In the kitchen you can hear the intermittent and yet endless clatter of cupboards being opened and closed. There is the incessant yawn of the refrigerator as it expels cool air into the tepid atmosphere; air that is meant to be on the inside of the refrigerator cooling our food. There is food there, most of it uncooked, some of it cooked but leftover from last night’s meal. There are cold cuts, condiments, fruits, vegetables and miscellaneous tubs of things labeled with exotic names like humus and yogurt.
And yet at the beginning, afternoon and end of each day we hear the same question repeated like a mantra, a cantillate that annoys every mother and drives every father crazy, “What’s for dinner?” This particular question is often preceded by the loud banging, the moans and groans of despair and the cries of “I’m hungry!” which is immediately followed by a parents directive to “Find something to eat!”
“But there’s nothing to eat,” the masses wail as if they are begging the guy in charge to whip up something special with these five loaves of bread and two fishes.
Hey guess what fella’s, right next to that ice box is another box man created called a microwave. It does the opposite of what the ice box does – it warms up your food. There are two freezers stocked with microwaveable delectable teen treats like burritos, French fries, pizza and those tiny square gut bombs a catchy and somewhat confusing name for a kid from the islands but kids like them, they are easy so why not and why are you hungry when you are surrounded by food?
I admit, I’m picky but that was learned behavior. American fast food ruined me – literally. But when I was a kid in our house the words “I’m hungry” and “What’s for dinner” were outlawed and taboo. I daresay that any Samoan child who says these words either a) does not know where the kitchen is located; b) he has no hands; c) he has hands but doesn’t know how to use them; or d) is just too lazy to find and cook his own food.
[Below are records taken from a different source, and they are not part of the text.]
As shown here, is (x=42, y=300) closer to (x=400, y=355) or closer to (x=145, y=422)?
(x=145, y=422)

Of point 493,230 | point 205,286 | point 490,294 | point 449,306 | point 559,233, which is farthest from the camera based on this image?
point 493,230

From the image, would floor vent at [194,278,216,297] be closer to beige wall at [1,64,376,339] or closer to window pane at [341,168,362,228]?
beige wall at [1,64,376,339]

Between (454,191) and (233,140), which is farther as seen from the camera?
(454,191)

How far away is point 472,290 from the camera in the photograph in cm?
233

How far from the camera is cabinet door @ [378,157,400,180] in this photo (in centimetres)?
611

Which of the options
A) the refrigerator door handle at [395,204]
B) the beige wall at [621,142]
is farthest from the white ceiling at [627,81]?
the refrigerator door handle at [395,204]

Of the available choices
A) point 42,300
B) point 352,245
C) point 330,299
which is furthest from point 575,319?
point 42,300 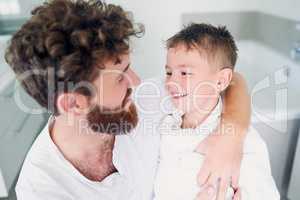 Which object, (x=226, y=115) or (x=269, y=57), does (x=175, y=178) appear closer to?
(x=226, y=115)

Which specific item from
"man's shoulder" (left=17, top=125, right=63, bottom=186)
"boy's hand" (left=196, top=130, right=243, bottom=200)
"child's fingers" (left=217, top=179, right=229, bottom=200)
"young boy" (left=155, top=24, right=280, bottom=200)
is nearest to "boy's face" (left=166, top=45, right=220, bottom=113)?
"young boy" (left=155, top=24, right=280, bottom=200)

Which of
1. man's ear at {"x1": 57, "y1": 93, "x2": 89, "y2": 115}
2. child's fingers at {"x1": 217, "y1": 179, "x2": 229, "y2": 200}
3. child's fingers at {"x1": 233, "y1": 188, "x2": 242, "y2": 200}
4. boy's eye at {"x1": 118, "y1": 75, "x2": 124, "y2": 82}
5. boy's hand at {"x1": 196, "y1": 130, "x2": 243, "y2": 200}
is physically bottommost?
child's fingers at {"x1": 233, "y1": 188, "x2": 242, "y2": 200}

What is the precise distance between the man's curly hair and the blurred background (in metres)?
0.42

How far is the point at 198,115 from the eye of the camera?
991 mm

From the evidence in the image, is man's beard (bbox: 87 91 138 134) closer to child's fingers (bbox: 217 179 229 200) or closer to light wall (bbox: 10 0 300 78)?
child's fingers (bbox: 217 179 229 200)

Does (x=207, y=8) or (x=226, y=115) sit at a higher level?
(x=207, y=8)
My mother was a beautiful Samoan woman who was an incredible cook. That woman could make plywood taste like chocolate mousse cake and chocolate mousse cake taste like a slice of heaven. But you were never allowed to ask what’s for dinner because frankly she never knew herself until she started throwing ingredients onto the counters and whipping things together and there is only so much you can do to feed a family of ten people and the extra ten who showed up unannounced just to say hello.
Soup was a staple. Potato soup, tomato soup, celery soup, chicken soup and whatever else she and dad could get their hands on. And the rules at the Matua kitchen table were really simple: 1) Sit down and be quiet. 2) Say a prayer of thanks. 3) Eat everything on your plate. 4) Say thank you and vacate the seat for the next person in line. The unwritten rule was this – you never complained because mom put her time and love into making that meal after a long day of work and be grateful because she didn’t have to make it but she did it because she loves you.
Our sons have been great. They have asked “What’s for dinner?” and they have said, “I’m hungry,” but over the years we have asked them the same question and now one of their regular chores is to come up with a menu and in response to being hungry we simply say, ‘go find something to hold you over for dinner.’ And as they have grown and become more responsible, they have figured out how to cook the things that make them happy. Now we just need them to clean up after themselves. All in due time, right?
I guess my point is a lot like that old adage we often heard when we were kids – “Give a man a fish and you feed him for a day. Teach a man to fish and you feed him for a lifetime.” I would run myself ragged and on the brink of insanity if I had to feed these boys every time they are hungry. Instead, they have learned some important skills for the day when they are out on their own and they have learned a little more independence in the process. You know where the kitchen is – get in there, work and enjoy the finished product!